STACEY BLADES "Snake Eyes: Confessions of a Replacement Rockstar" (Book Review)

(c) 2009 BookSurge Publishing

Stacey Blades, the ex-guitar player for L.A. Guns and Roxx Gang took the time to put pen to paper and released this book, Snake Eyes: Confessions of a Replacement Rockstar as an independent author, regaling readers with stories documenting his rise from the Canadian rock-bar scene to making the jump to the (perceived) big time by joining Roxx Gang.  After slogging away in a band that had huge potential...but no apparent direction or follow-through...Blades made a career-defining leap when he took the opportunity to replace founding guitar player, Tracii Guns, in LA Guns.   

Most of the stories here are new, at least to me they were, as not a lot has been written about L.A. Guns AFTER Tracii left because, let's face it, the Hollywood scene had pretty much been shoved to the back burner by the time Stacey came on board.  That being said, Stacey has several cool tales to tell about time spent overseas with the Guns, working on the albums, and his personal relationships with Phil Lewis, Steve Riley, and other members of the band, and what it's like living in...and trying to get out of...Tracii's shadow.  And, speaking of relationships, Blades also offers up humorous advice for dating (or more specifically NOT dating) psychos, his dealings with his Roxx Gang band mates, and the handful of life-long friendships that help define who Stacey Blades is as a man and a musician.

Scattered throughout the book are several black and white photos, which are nice to check out, and show Stacey at various points throughout his career.  Also included are quotes and outtakes from various friends, road crew members, family members, and band mates, which add even more color and reality to the stories spun by Blades here.

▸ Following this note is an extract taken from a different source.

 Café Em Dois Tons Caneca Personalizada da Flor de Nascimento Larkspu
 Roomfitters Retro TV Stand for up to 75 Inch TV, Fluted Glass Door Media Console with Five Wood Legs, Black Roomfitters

A couple of negatives do pop up in my mind.  First, I can't believe how large the print is in this book (it's also double spaced, I believe).  Now, while it makes it an extremely easy read, it also makes the book's length a bit deceptive as there would probably be 20 or 30 pages knocked off the book's length if the font size was even an 11 or 12 point font.  Second, the book could have benefited from a bit more editing, as there are still several spelling and grammatical errors throughout the book.

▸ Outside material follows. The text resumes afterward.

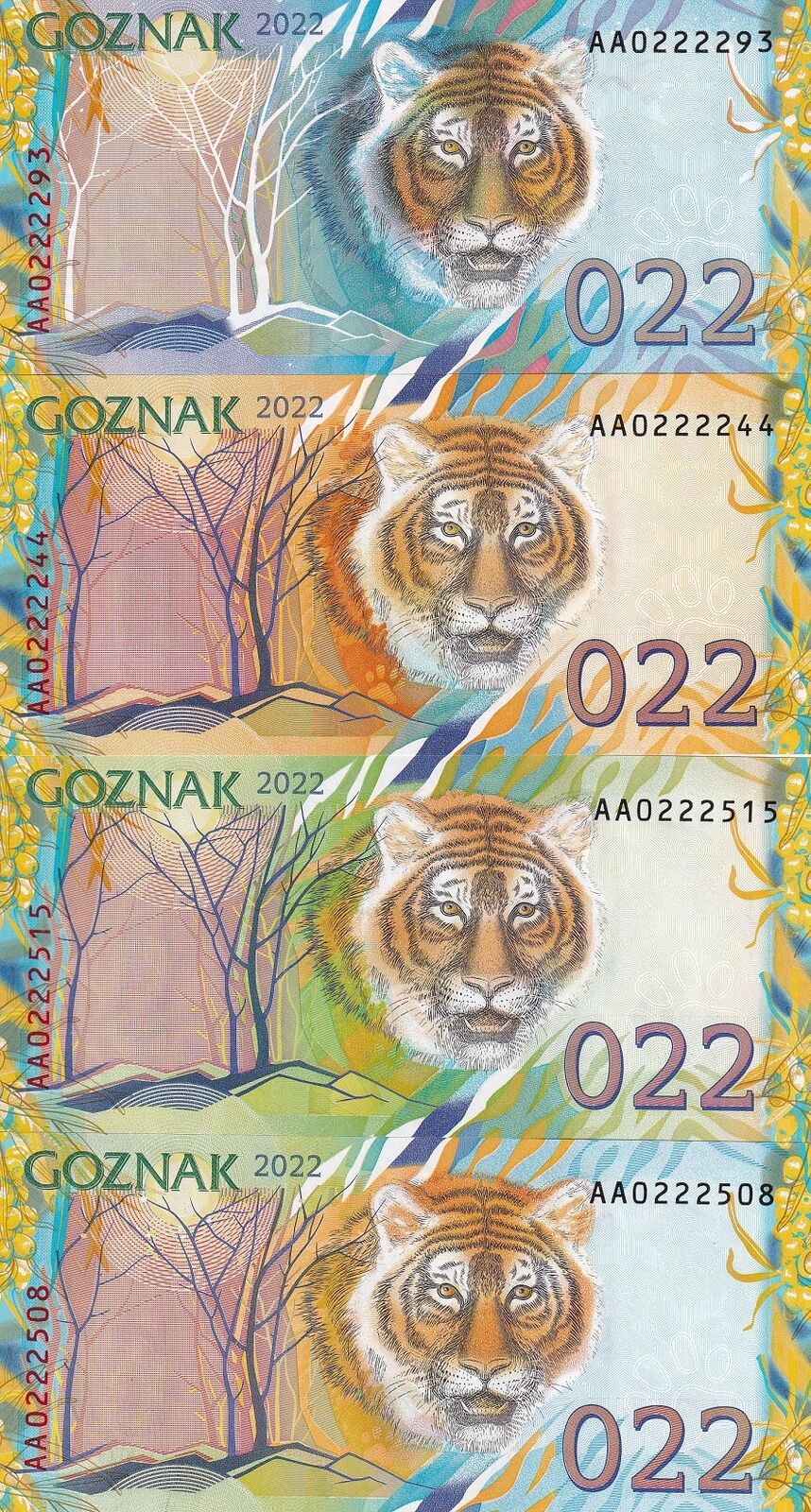 Test Note Russia 4 Tigers 2022 Goznak Colorful NO Folder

These minor complaints don't detract from the enjoyment people can take away from this book, and they do not stop me from recommending this book.  Hey, Stacey did this on his own, after all; I'll cut him some slack. It is a pretty short, quick read that I got through in just under two days.  I look forward to the updated version that Stacey mentioned working on when I got the chance to interview him a while back (read the interview here).  As the book ends, Stacey is still in the band and there is no inkling of his upcoming resignation, so I'm assuming there will be more tales to tell regarding this chapter in Stacey's life, as well as projects he may be currently working on.  And, who knows...maybe a couple of psycho stalker fans will pop up again in the extended version of the book.

Is it the best rock bio I have read?  Not at all.  Is it the worst?  Not even close.  Definitely worth checking out and a relatively cheap pick-up at under $15 from Amazon.